This individual holds an intent in this particular focus of expression
in creativity in a manner that shall be involving other individuals also.
This offers her the opportunity to view and explore self and the depth
of how she may be manipulating energy in this focus, and also offers her
the opportunity to explore interaction with other individuals.
Therefore, with respect to the direction that she has chosen to be expressing
this creativity, yes, she shall continue, and through the expression of
her desire, she holds the ability to be moving her desire into an objective
manifestation.
Now; she also creates obstacles for herself.

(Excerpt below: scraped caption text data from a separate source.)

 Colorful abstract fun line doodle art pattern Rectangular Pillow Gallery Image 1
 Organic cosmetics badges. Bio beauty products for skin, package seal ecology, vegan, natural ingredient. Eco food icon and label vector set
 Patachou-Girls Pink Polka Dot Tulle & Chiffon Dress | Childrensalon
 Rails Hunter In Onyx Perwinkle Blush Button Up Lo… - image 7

In this, at times there is an expression that she projects objectively
of stubbornness, which her evaluation objectively of this stubbornness
is defined quite differently. Her definition of this objectively
is that she is offering an expression of independence. Therefore,
the definitions are confused.
In this confusion, there is a lack of allowance presently — which in
the most probable probabilities shall continue for a time framework — in
that she projects her energy in a manner of control. Therefore, there
is a lack of allowance of input in information which is offered in helpfulness
from other individuals.
ELAINA JOY: Absolutely! (Elias chuckles) My biggest frustration
is that I could help so much and so sweetly if it wasn’t so hard to get
to her. I end up helping in a way that’s very icky because the help
is already challenged, it’s already kept from happening, it’s already blocked.

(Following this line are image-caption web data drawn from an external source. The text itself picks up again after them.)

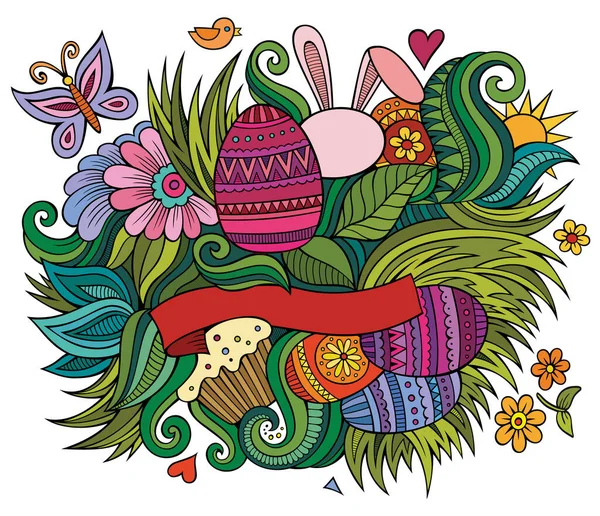Wielkanoc Ręcznie Rysowane Bazgroły Ilustracji Zabawny Świąteczny Projekt Twórcze Tło — Wektor stockowy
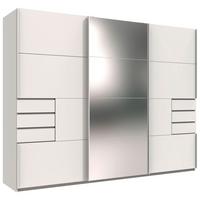 Schwebetürenschrank Saigon ca. 270x210 cm Weiß - Klar/Weiß, KONVENTIONELL, Glas/Holzwerkstoff (270/210/64cm) - MID.YOU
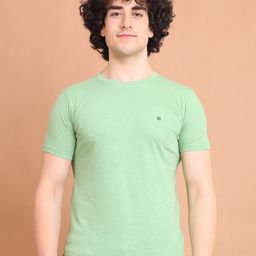 berry blues Round Neck Cotton T-shirt-image-52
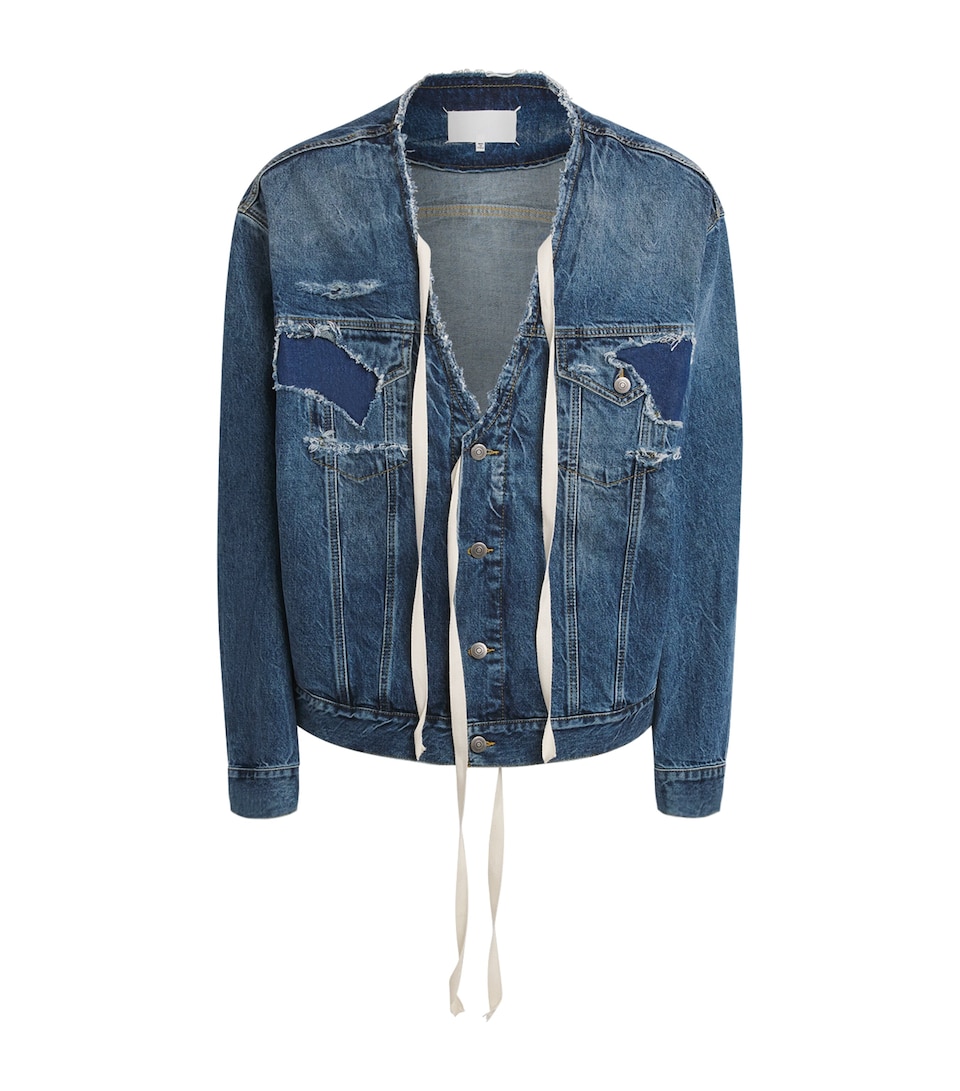 Maison Margiela Mens Distressed Assemblage Denim Jacket Nw Medium Blu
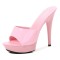 Peep Toe Stiletto Heels Low Platforms Comfortable Slippers Sandals - Pink Patent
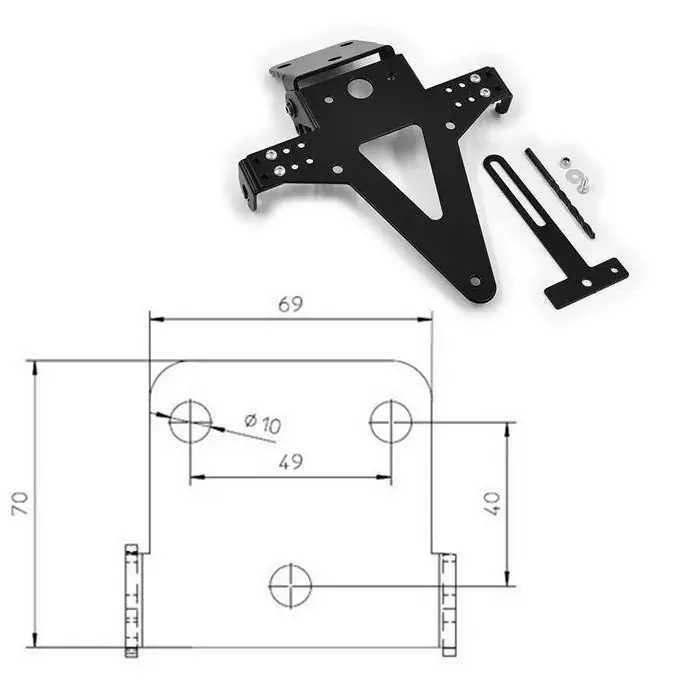 Universal Kennzeichenhalter Typ 3 schwarz verstellbar inkl. Reflektorhalter Sonderangebot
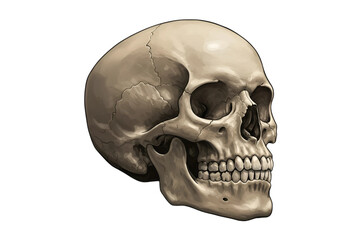 Obraz premium Realistic human skull with detailed bone structure, isolated on a white background for medical, anatomy, or horror-themed designs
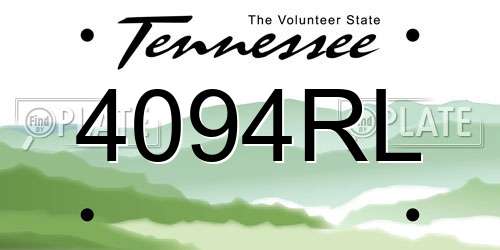 4094RL Tennessee License Plate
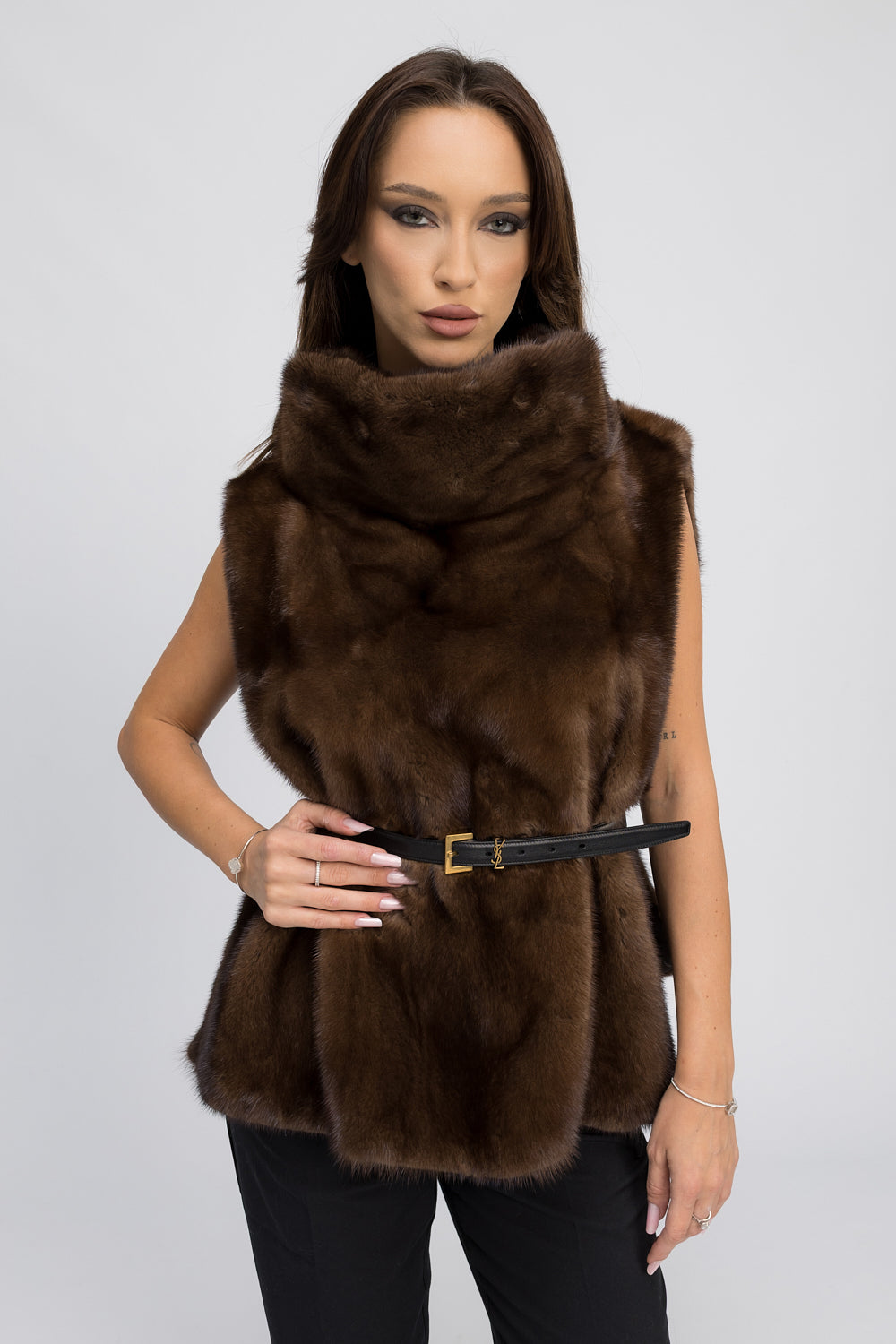 Vestă din Blană Naturală de Vizon, cu Guler Tunică Amplu, Femei, Chocolate 439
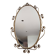 Oval mirror in gilded brass and floral decor, 1950s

By the time she lets it in, I have beaten down these doors, and then I’m
resentful and angry because I don’t get to do it well, nicely, caringly.
ELIAS: And we shall also address to this situation. In this,
let me offer to you information that may be clarifying to both of you,
and may subsequently be helpful in your interaction with each other.

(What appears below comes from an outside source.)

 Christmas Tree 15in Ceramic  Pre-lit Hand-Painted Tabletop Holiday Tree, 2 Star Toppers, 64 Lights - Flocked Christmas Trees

First of all, I shall express to you that you hold many focuses together,
but let me also express to you that you may identify yourself, in your
common vernacular and your common language that is accepted presently,
as relatively a new soul. She, conversely, may be identified as an
old soul.
ELAINA JOY: Is that so?
ELIAS: These are identifications that you hold within physical
focus. In actuality, there is no age, but the identification addresses
to how many focuses one essence chooses to manifest within a particular
dimension. In this particular dimension, you choose to focus few,
relatively speaking, focuses or manifestations physically in this particular
dimension, not in all dimensions.
ELAINA JOY: Understood.
ELIAS: This other individual holds many, many focuses in this
particular physical dimension, which translates in your objective beliefs
as the differentiation between an old soul and a new soul.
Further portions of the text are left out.